Starting Dusty — A Tiny DSL for ETL & Research Data Cleaning

Published: 1 month ago (December 11, 2025 at 06:55 AM EST)

2 min read

Source: Dev.to

Cover image for Starting Dusty — A Tiny DSL for ETL & Research Data Cleaning

For the last few weeks I’ve been thinking seriously about building my own programming language. Not a big general‑purpose language, not a Python replacement, and definitely not something with heavy ambitions. I just wanted to create something small, useful, and focused.

That’s where Dusty comes in.

Dusty is a lightweight DSL (domain‑specific language) designed only for ETL tasks and research data cleaning. Nothing more. No huge ecosystem, no package manager, no frameworks. The entire goal is simple: turn messy CSV/JSON cleaning work into short, readable scripts.

I’m starting with problems I’ve personally faced. Whenever I work on research data or hackathon datasets, I end up writing the same pattern again and again:

load CSV
filter rows
fix missing values
rename some fields
join with another file
export the cleaned result

Python works, but the scripts get ugly fast. Pandas is powerful, but not great for small tasks. SQL is good for structured tables but not for irregular CSVs. Most ETL tools are built for companies, not students or indie developers.

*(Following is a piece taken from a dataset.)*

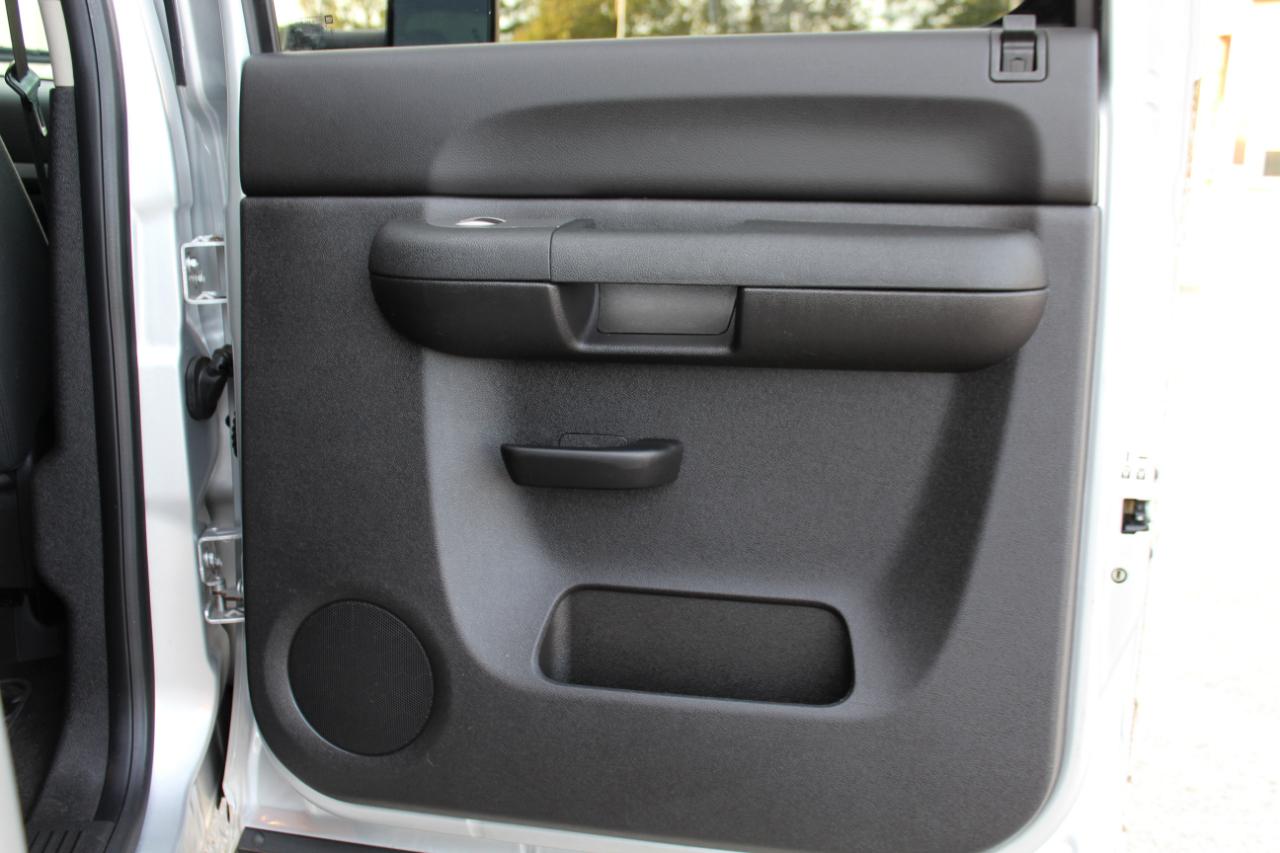 Chevrolet Silverado 2500HD LT Crew Cab 2WD 2012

So Dusty focuses on the middle ground: simple data transformations without the overhead.

What Dusty will look like (early prototype idea)

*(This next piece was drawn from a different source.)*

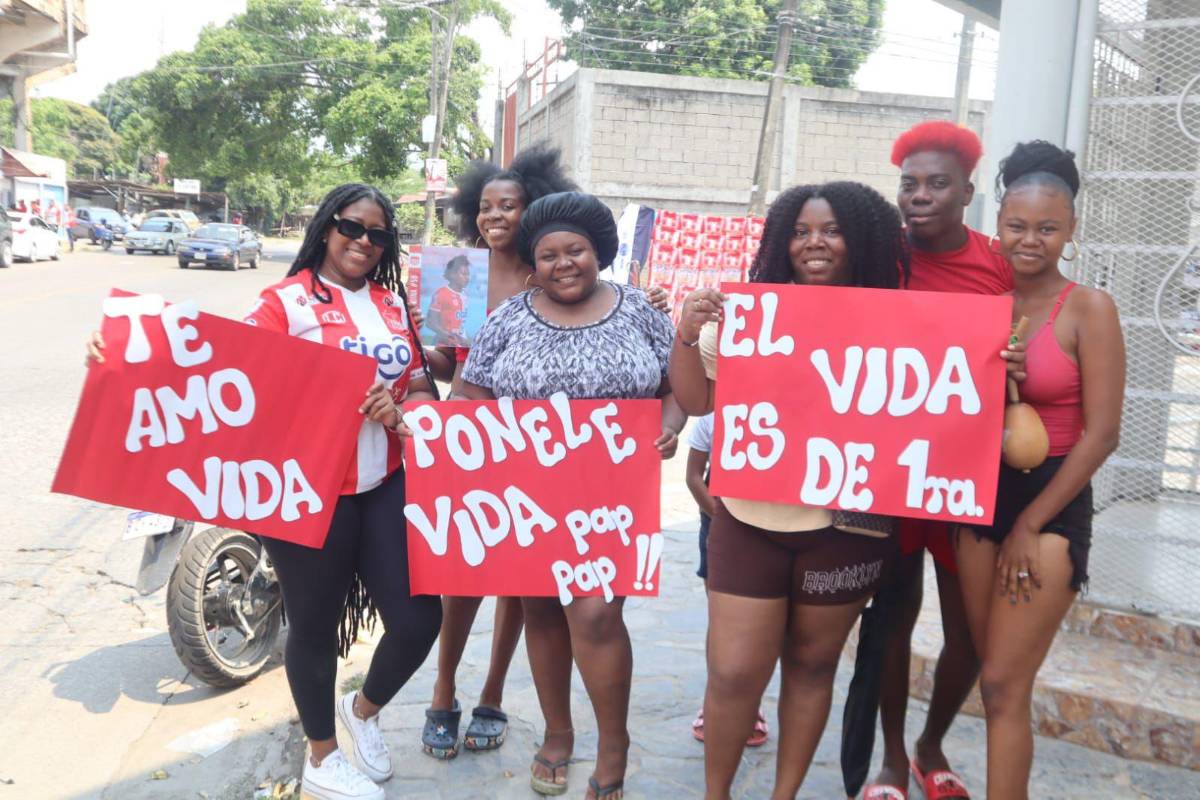La reina que enamoró en La Ceiba y el Yankel estuvo lleno de hermosuras: las bellas mujeres que visitaron los estadios de Honduras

A Dusty script looks like this:

source users = csv("users.csv")

transform adults = users
  | filter(r -> int(r.age) >= 18)
  | map(r -> { id: r.id, name: r.name })

save adults to csv("clean_adults.csv")

Readable.
No imports.
No boilerplate.
Just the data flow.

Essential ETL operations

Dusty will support the following core operations:

source
filter
map
select / rename
join
aggregate
save

That’s enough to clean real datasets used in labs, projects, and university research.

How I’m building it

This is my first language project, so I’m keeping things practical:

The Dusty interpreter is written in Python (not related to Dusty syntax at all).
Dusty code will live in .dusty files.
Users run it with a simple CLI:

dusty run main.dsty

Roadmap for v0.1

My plan is to finish Dusty v0.1 with:

a working parser
CSV support
filter / map operations
save functionality
a couple of example pipelines
basic documentation

I’m not adding a package manager, modules, or big features yet. Dusty v0.1 should be small enough that anyone can understand the whole project in one sitting.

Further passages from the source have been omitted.